ZTE were also quite generous – there seemed to be a near constant stream of giveaways, competitions and generally loud speaker noise that drew attendees like moths to a flame.
So, ZTE was going for broke – but how were its phones? Much like every other Android phone on show, just filled with more superfluous apps and bloatware. To be fair ZTE is a budget smartphone maker, that is following Huawei’s business model (just a year or so behind), that is, dominate the low end (also sell white label to other companies), move into the mid-range and one day pop out some premium devices.
ZTE haven’t really produced any top shelf devices (yet), and its low end devices have sold very strongly in emerging markets – it is now the fourth biggest phone maker in the world.

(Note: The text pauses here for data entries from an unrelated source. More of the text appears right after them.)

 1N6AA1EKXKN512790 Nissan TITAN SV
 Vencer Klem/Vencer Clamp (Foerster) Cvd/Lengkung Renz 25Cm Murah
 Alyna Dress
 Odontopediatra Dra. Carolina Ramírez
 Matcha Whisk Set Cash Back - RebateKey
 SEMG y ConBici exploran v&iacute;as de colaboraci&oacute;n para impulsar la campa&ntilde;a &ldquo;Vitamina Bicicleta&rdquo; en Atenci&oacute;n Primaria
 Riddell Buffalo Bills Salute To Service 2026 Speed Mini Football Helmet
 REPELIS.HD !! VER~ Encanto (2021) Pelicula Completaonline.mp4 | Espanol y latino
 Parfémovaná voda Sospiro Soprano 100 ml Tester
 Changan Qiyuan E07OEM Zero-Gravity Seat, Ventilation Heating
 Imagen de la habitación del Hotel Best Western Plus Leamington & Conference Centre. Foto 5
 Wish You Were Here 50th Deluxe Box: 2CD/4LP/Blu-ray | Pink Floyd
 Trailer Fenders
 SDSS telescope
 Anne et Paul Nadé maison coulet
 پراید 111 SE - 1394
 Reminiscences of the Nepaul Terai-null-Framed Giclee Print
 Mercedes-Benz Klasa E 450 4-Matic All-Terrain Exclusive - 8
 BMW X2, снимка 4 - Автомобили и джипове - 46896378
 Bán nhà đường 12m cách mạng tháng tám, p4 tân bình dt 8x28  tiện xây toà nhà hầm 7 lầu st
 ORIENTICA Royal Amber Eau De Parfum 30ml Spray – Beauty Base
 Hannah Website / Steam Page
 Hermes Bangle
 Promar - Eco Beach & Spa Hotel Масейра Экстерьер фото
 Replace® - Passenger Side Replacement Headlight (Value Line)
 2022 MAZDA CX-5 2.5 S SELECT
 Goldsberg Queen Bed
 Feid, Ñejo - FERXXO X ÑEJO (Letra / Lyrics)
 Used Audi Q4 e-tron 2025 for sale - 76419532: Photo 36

So bearing this criteria in mind I spent some time playing with the new ZTE Grand S LTE phone (its new flagship smartphone) and the ZTE Grand Memo (its new 5.7-inch phablet). As readers know, I’ve never been a fan of the phablet concept (that is, oversized phones that fit somewhere between tablets and smartphones) and the Grand Memo isn’t terribly different. It is truly huge.
Surprisingly it doesn’t feel as cheap as I’d expected, the build quality is similar to Samsung’s original phablet, the Galaxy Note (and its successor), and its internals are impressive. Despite a poor screen (it comes in at 1280 x 720 – visibly low for a large screen), it is the first ever device to use Qualcomm’s newest system on a chip Snapdragon 800, and will have quad core Krait CPUs running at a whopping 1.5GHz. To power a screen and processor of this size, ZTE have thrown in a huge 3200 battery. To the company’s credit, the device still didn’t feel terribly heavy, nor had it added too much thickness to the body. It also gets a 13MP camera (which we couldn’t really test inside a convention centre), 4G LTE support and 2GB of RAM.
Despite its average screen, the phablet blasted through all apps on show seamlessly, and games such as Riptide GP all worked flawlessly.
The device is expected to launch in the second quarter of this year, but specs will vary between countries and regions, ZTE said. The spokesperson would not comment on UK release dates or pricing – so it’s hard to make a call on it as a value proposition.
The ZTE Grand S was unveiled at CES, and again, while impressive under the hood (although we don’t know pricing) the Android skin/theme ZTE has used is full of bloatware and unnecessary features – they have thrown everything at the wall to see what sticks. There are low budget photography apps that barely work, silly 3D animations all through the front end (and on the homescreen) that do little more than annoy and knock off versions of apps such as office, it just work well and makes for a messy user experience.
More impressive was the budget Mozilla Firefox phone the ZTE One, which using a free and open source OS makes sense in emerging markets. It will only be available to South American customers at this stage. It functions fairly well for a low end device, but is otherwise not outstanding.